I say “undeniable” despite the fact that our president denies the findings of our own nation’s intelligence services, and those of every other honest broker of information out there; none of that is not good enough to satisfy the Crybaby in Chief when he feels dissed.  Now, the Washington Post reports on research being delivered to the Senate Intelligence Committee that states plainly the evidence leading to the conclusion that the Russians worked against Hillary Clinton.

The report offers the latest evidence that Russian agents sought to help Trump win the White House. Democrats and Republicans on the panel previously studied the U.S. intelligence community’s 2017 finding that Moscow aimed to assist Trump, and in July, they said investigators had come to the correct conclusion. Despite their work, some Republicans on Capitol Hill continue to doubt the nature of Russia’s interference in the last presidential election.

[Sen. Mark] Warner said the reports should serve as “a wake up call,” resulting in “some much-needed and long-overdue guardrails when it comes to social media.” [Sen. Richard] Burr said the reports are “proof positive that one of the most important things we can do is increase information sharing between the social media companies who can identify disinformation campaigns and the third-party experts who can analyze them.”

The Russians aimed particular energy at activating conservatives on issues such as gun rights and immigration, while sapping the political clout of left-leaning African American voters by undermining their faith in elections and spreading misleading information about how to vote. Many other groups — Latinos, Muslims, Christians, gay men and women, liberals, Southerners, veterans — got at least some attention from Russians operating thousands of social media accounts.

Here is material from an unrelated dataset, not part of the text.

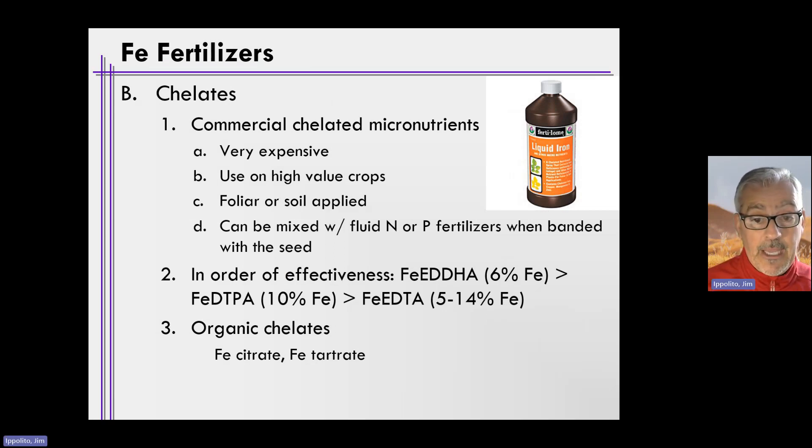We can also use chelates — applying them to either soils or plants. There are commercial chelate compounds that contain micronutrients including iron. They are very expensive and are oftentimes only used on high-value crops, unlike corn or wheat. You can foliar or soil-apply these, and they're almost always in liquid form and can be mixed with fluid fertilizers and band-applied with seed if necessary. Three common commercial iron chelates are iron EDDHA, iron DTPA, and iron EDTA.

Even if—if—no one in the Trump campaign was in on the deal, or encouraged it or cooperated with it in any way at all, or even said a small silent prayer to their god that the Russian actions would help their guy win, we are left with this: the Russian attacked America.  And they had help.

I don’t mean Wikileaks, although it seemed to be in on the con, too.  I’m talking about the National Enquirer.  The same National Enquirer which just admitted in court documents that it helped Trump bury Karen McDougal’s story about the affair she claimed to have had with Trump (which he denies having had) so that it wouldn’t hurt him in the election was devoted to helping Trump throughout the campaign.  The New York Times’ Jim Rutenberg put the Enquirer’s contribution in perspective.

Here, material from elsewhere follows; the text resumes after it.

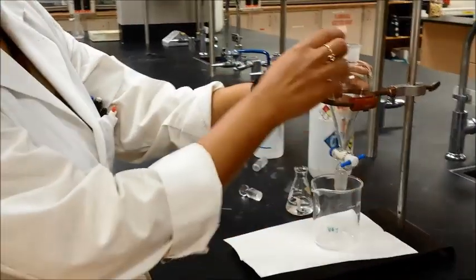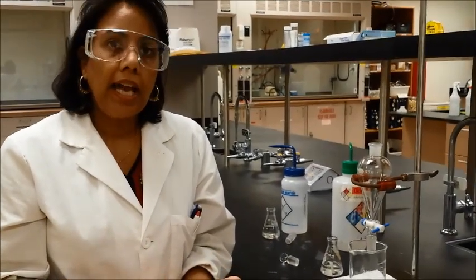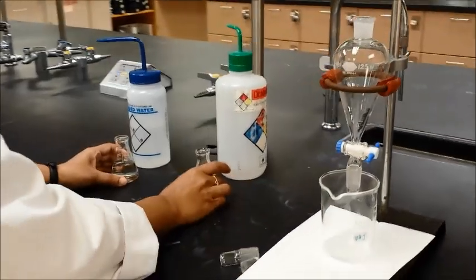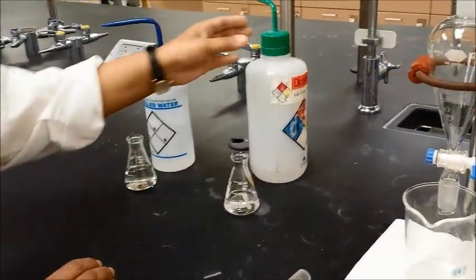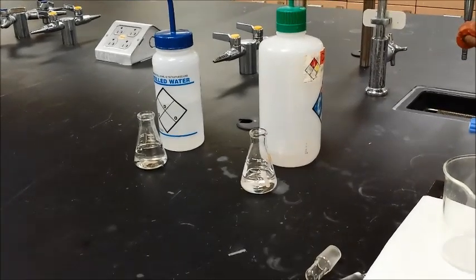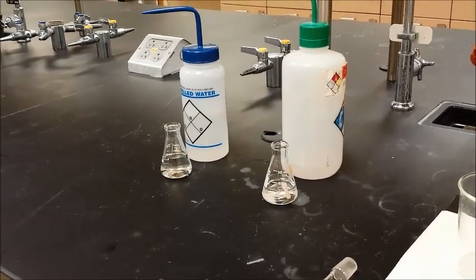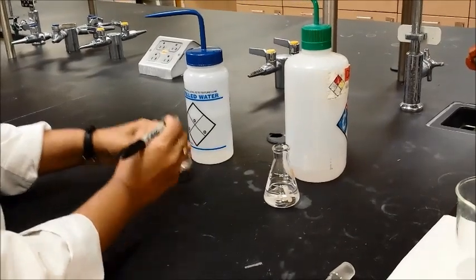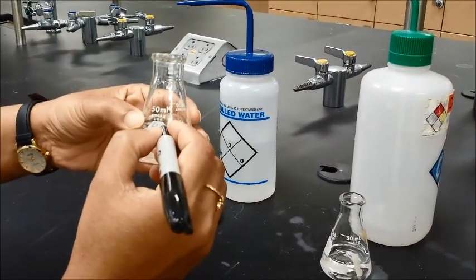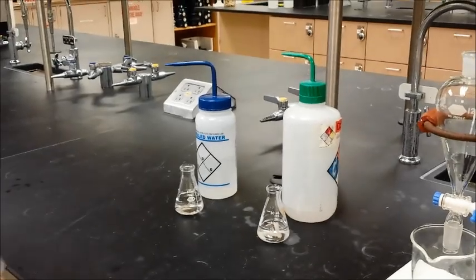When you're getting ready for your extraction, you need to pour stuff inside. You will probably be extracting an organic with inorganic, meaning an organic and an aqueous layer. I have distilled water as my aqueous layer and dichloromethane as my organic layer. Both of them are clear and colorless, so if you have issues differentiating them, I would label them — either AQ, A, or H2O on the white strip — so you know which one is which, because otherwise it will be hard to differentiate between the two layers.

The Enquirer’s racks, under the current chief, David J. Pecker, were given over to the Trump campaign. This was a political gift even more valuable than the $150,000 that The Enquirer paid in a “catch-and-kill” deal with the former Playboy model Karen McDougal for her story of an affair with Mr. Trump.

Wondering what The Enquirer’s covers were worth to the Trump campaign, I called Regis Maher, a co-founder of Do It Outdoors, the national mobile and digital billboard company. He said a campaign with that level of national prominence would cost $2.5 million to $3 million a month.

And like the payoff to McDougal, that could be looked at as another effective campaign contribution that Trump never reported, but we probably can’t avoid that being classified as “journalism,” sad to say.

Now that federal prosecutors have cleared away some of the fog that shrouded the 2016 campaign, it’s easy to see that The Enquirer was more than just a publication that puffed up Mr. Trump while going after his rivals.

It was the real-world embodiment of the fantasy online world of trolls, Russian and domestic, who polluted the political discourse. From its perches at Publix and Safeway, it was often doing the same job as Alex Jones, of the conspiracy site Infowars, and the more strident Trump campaign surrogates on Twitter and Facebook.

The Enquirer spread false stories about Hillary Clinton — illnesses concealed, child prostitution, bribery, treason. Each cover trumpeting these tales was arguably more powerful than a tweet from an account with millions of followers.

The Republicans who’ve been taking up space in the current Congress—the one that turned a blind eye to every crazy and questionable thing Trump has done and which may let parts of our government shut down at the end of the week for lack of funds since they can’t pass a budget—have proved plainly that they’re not concerned enough about a foreign attack on our country to take any action in response.  Sad…Republicans used to claim to be the party of a strong national defense.  In two and a half weeks we’ll see another party take control of the House of Representatives, and I’m putting those folks on the clock to show Russia and the rest of the world that the America that’s been sleeping the last two years is mad as hell and is not going to take this any more.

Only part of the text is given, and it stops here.